All Products
Search
Document Center

DataWorks:Build an enterprise data warehouse based on AnalyticDB for MySQL

Last Updated:Mar 27, 2026

This tutorial shows you how to set up an enterprise data warehouse on AnalyticDB for MySQL using DataWorks. By the end, you will have:

  • Added an AnalyticDB for MySQL data source and verified network connectivity

  • Configured an IP address whitelist to allow DataWorks to access your cluster

  • Created a workflow with a batch synchronization node and a data development node

  • Deployed the pipeline and monitored scheduled runs in Operation Center

  • Managed metadata in Data Catalog

Prerequisites

Before you begin, make sure you have:

  • A DataWorks workspace. See Create a workspace.

  • An AnalyticDB for MySQL cluster deployed in a virtual private cloud (VPC). If your cluster uses V3.0, create the database username and password in the AnalyticDB for MySQL console before proceeding.

  • A serverless resource group (recommended) or an old-version exclusive resource group for scheduling. Other resource group types cannot connect to VPC-deployed AnalyticDB for MySQL clusters and will time out.

Add an AnalyticDB for MySQL data source

Connect your AnalyticDB for MySQL cluster to DataWorks so nodes can read from and write to it.

  1. Log on to the DataWorks console. In the top navigation bar, select the region. In the left-side navigation pane, choose More > Management Center, select your workspace from the drop-down list, and click Go to Management Center.

  2. In the left-side navigation pane of the SettingCenter page, click Data Sources.

  3. In the Add Data Source dialog box, click AnalyticDB for MySQL (V3.0).

  4. Configure the parameters. For details, see Add an AnalyticDB for MySQL 3.0 data source.

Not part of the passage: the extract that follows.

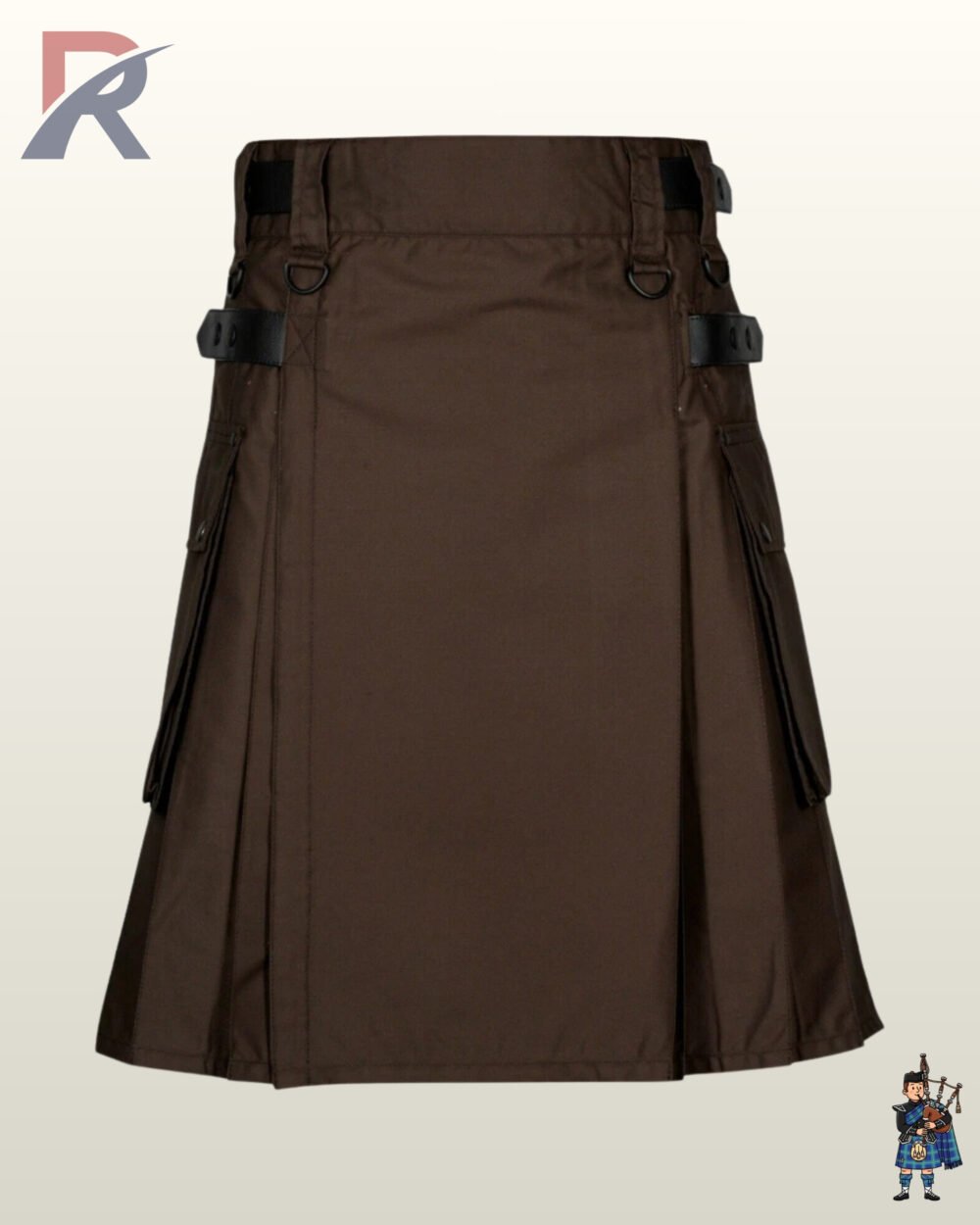 Front view of a dark brown utility workwear kilt detailed with black leather waist accents and D-rings.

Keep the following authentication requirements in mind:

    • V2.0: Use the AccessKey pair of your Alibaba Cloud account or a RAM user.

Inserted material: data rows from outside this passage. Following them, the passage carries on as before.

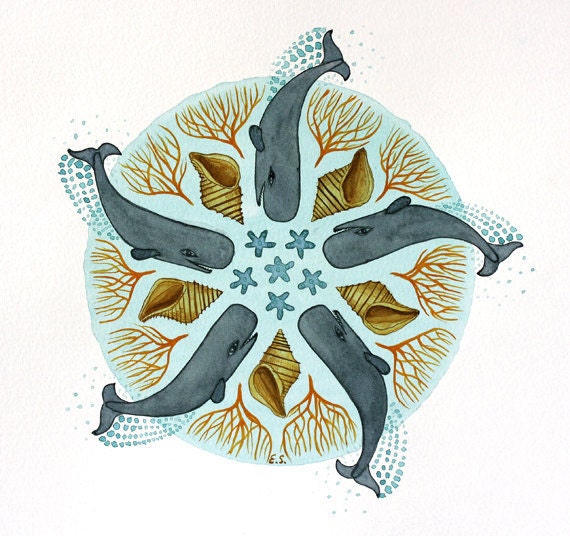 Whales - Original watercolor painting - Sperm whales sea shells coral - nursery decor - Nautical home decor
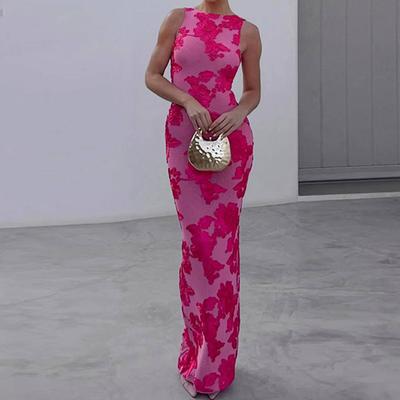 Vestido de Festa Feminino Sexy Bordado Floral Gola Redonda Alça Costas Nuas Sem Mangas Comprimento Longo Ajuste Slim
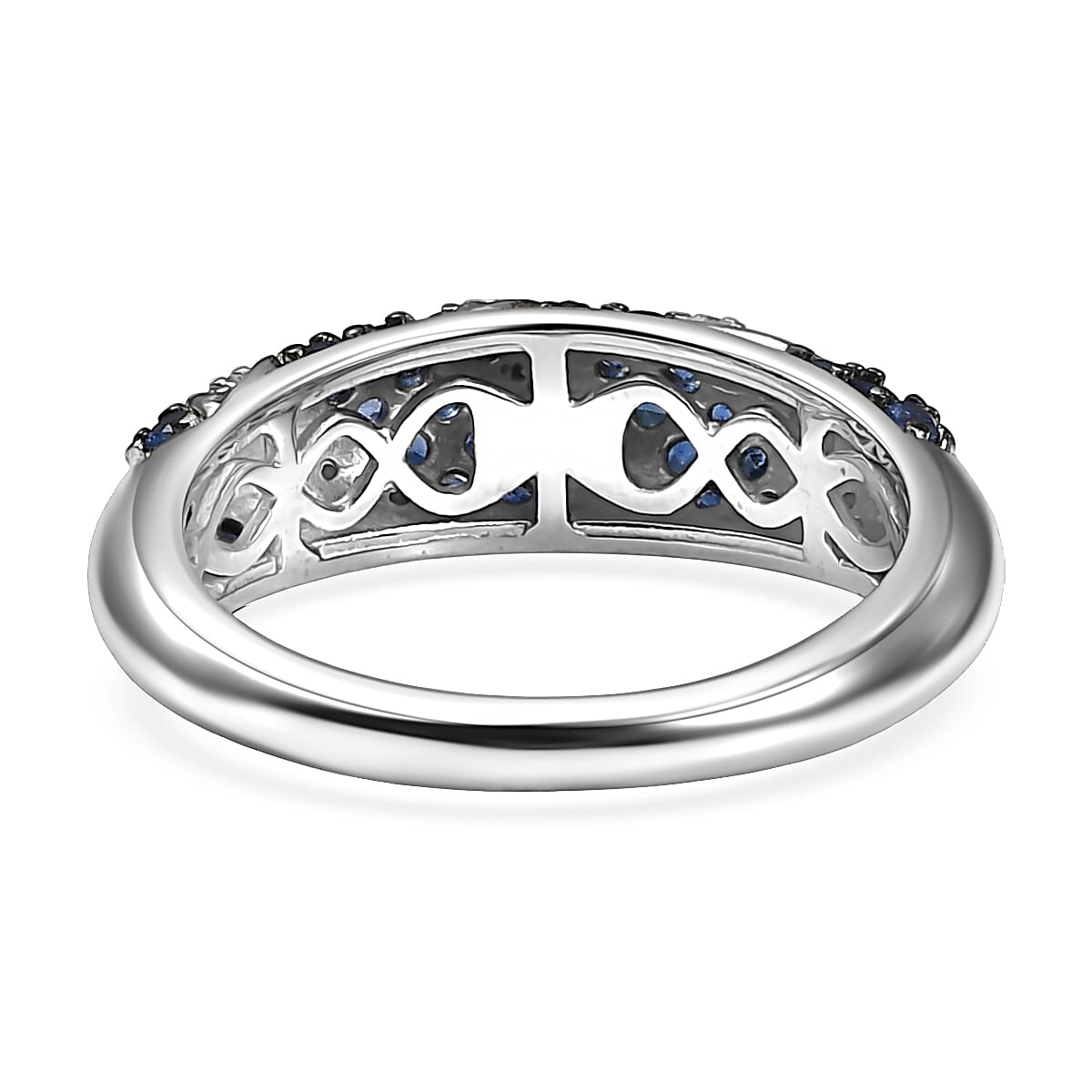 Ceylon Blue Sapphire and Moissanite 1.00 ctw Wave Ring in Rhodium Over Sterling Silver (Size 6.0) image number 4
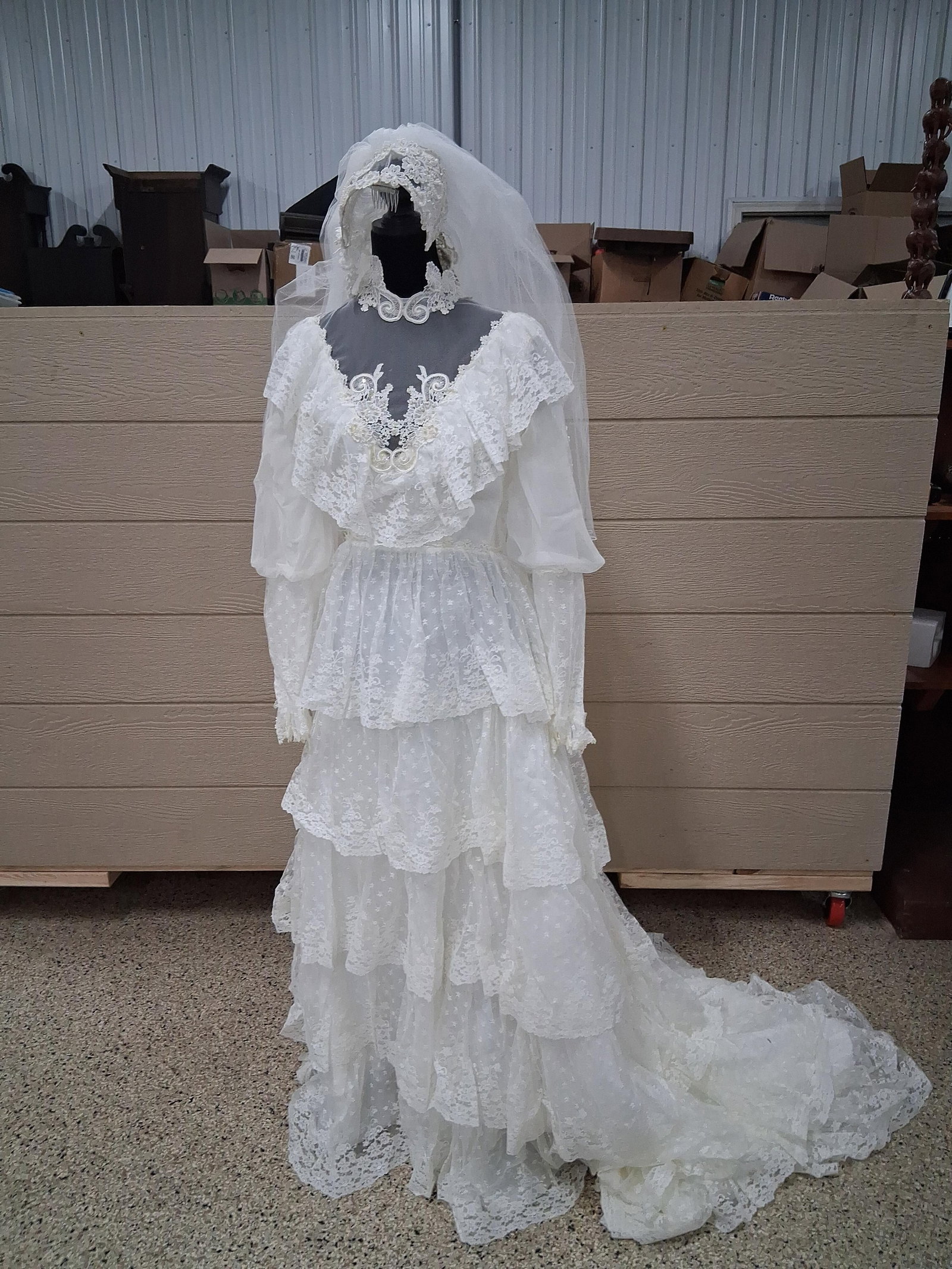 1980s Alfred Angelo Tiered Lace Wedding Gown (1 of 10)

    • V3.0: Use the username and password of an AnalyticDB for MySQL V3.0 database. Create these credentials in the AnalyticDB for MySQL console before adding the data source.

  5. Find the resource group row and click Test Network Connectivity.

  6. After the connectivity test passes, click Complete Creation.

    Use a serverless resource group or an old-version exclusive resource group to run AnalyticDB for MySQL nodes that access a VPC-deployed cluster. For instructions, see Use serverless resource groups.

Configure the IP address whitelist

AnalyticDB for MySQL V3.0 uses an IP address whitelist to control inbound connections. Add your DataWorks resource group's IP address or CIDR block to the whitelist so the cluster accepts requests.

Choose the procedure that matches your network environment.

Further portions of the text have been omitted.